Consumers in the U.S want electric vehicles to be less expensive and to be able to travel more than 500 miles on a single charge, according to a new survey by Deloitte, which tracked consumer attitudes towards EVs around the world.
The 2022 Global Automotive Consumer Study from Deloitte, a global business consulting and services firm, found as global auto manufacturers continue to invest in electrified vehicle production, consumers still prefer internal combustion engines. Deloitte found 69% of U.S. consumers looking to retain the technology for their next vehicle.
Despite expecting to remain in their gas-powered vehicles, U.S. consumers expect fully charged BEV driving range to be north of 500 miles, while those in China, Japan and India are content with a range of around 250 miles.
It better be cheap to be green
Even though more and more potential buyers are expressing a growing interest in sustainability globally, more than half — 53% — of U.S. consumers are unwilling to pay more than $500 for alternative engine solutions.
Consumers are even less willing to pay an additional $500 for advanced technology in the areas such as safety, connectivity, infotainment and most significantly autonomy, according to Deloitte’s survey data collected in the U.S.
Besides range and cost, 10% of the American consumers cited concerns about the amount of time it takes to charge a vehicle.
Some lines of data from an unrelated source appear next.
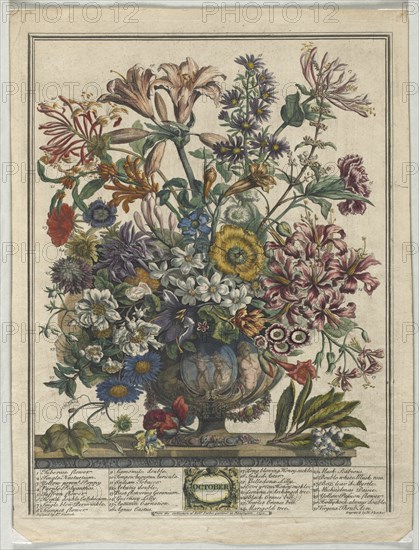 Twelve Months of Flowers: October, 1730. Creator: Henry Fletcher (British, active 1715-38).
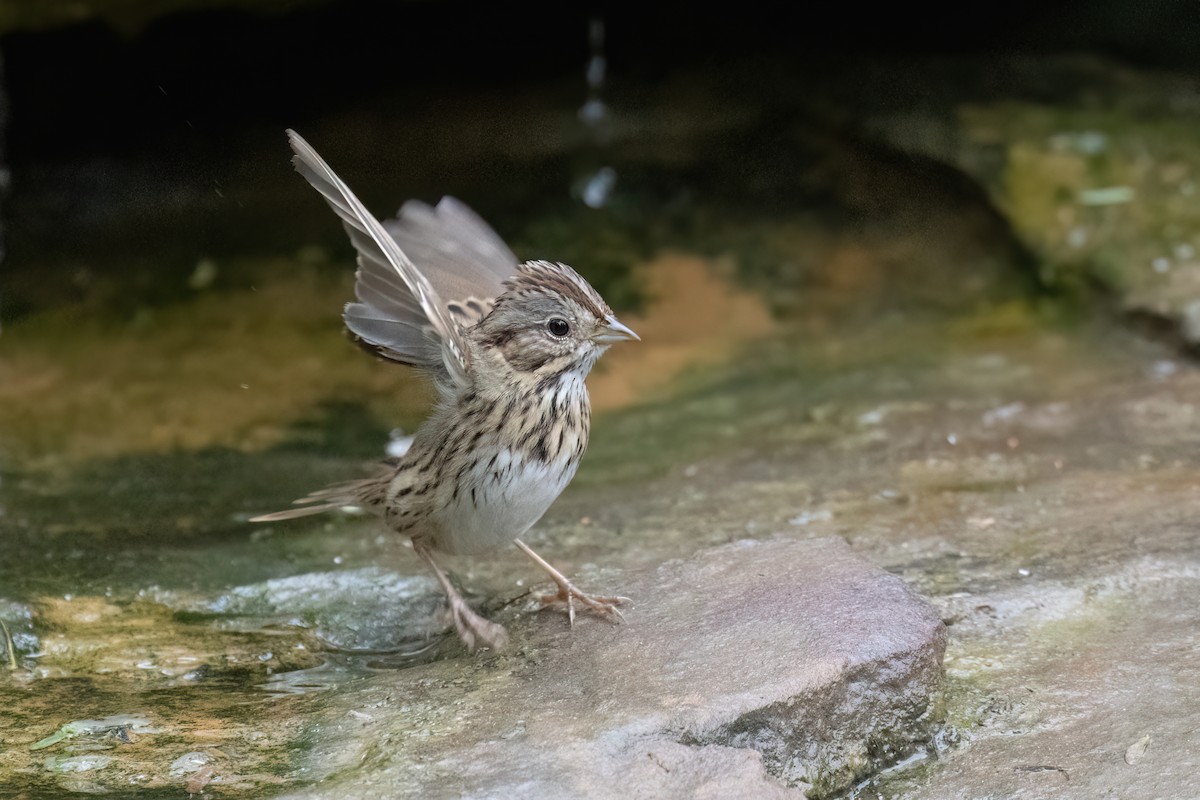 strnadec pruhohlavý - ML646946287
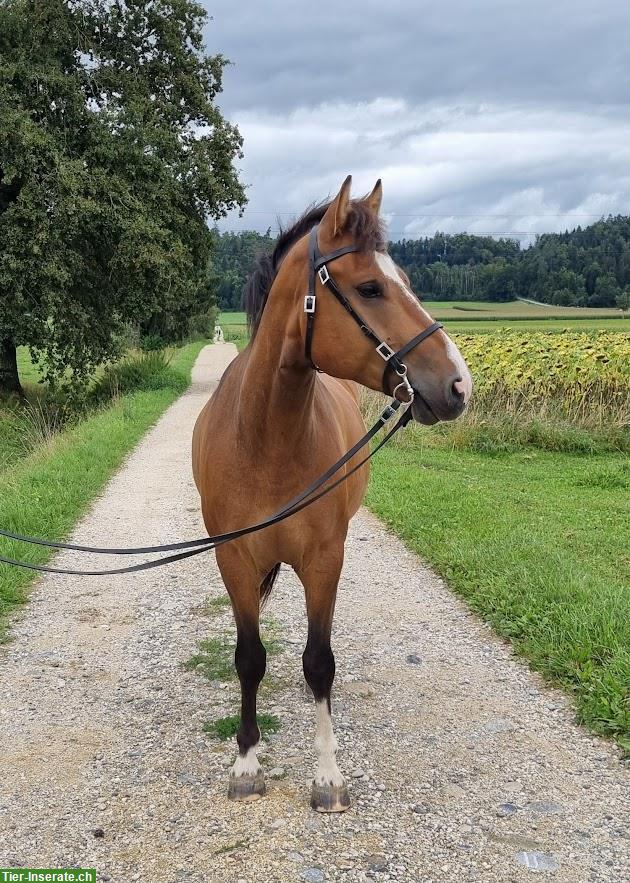 Bild 3: Charmanter Freiberger Wallach Haribo du Largin, 4-jährig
Another 14% said they were deterred by the lack of public charging stations across the U.S., Deloitte reports.
Like the idea of protecting environment
For the most part, people are drawn to an EV because of an expectation of lower fuel costs, or they are concerned about climate change and want to reduce emissions.
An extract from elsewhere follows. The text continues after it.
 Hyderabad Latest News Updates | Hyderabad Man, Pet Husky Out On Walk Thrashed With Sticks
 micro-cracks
However, consumers around the world also worry about future increases in the cost of electricity. Potential increases in the price of electricity may sway a significant number of consumers away from a PHEV/BEV purchase in most global markets, according to Deloitte.
The Deloitte study also found virtual sales continue to show promise for their convenience and ease of use; however, 75% of U.S. consumers would prefer an in-person experience for their next vehicle purchase.
Additionally, shared mobility services like ride-hailing and car sharing have been slow to return to pre-pandemic levels; 76% of Americans prefer their personal vehicles to other modes of transportation.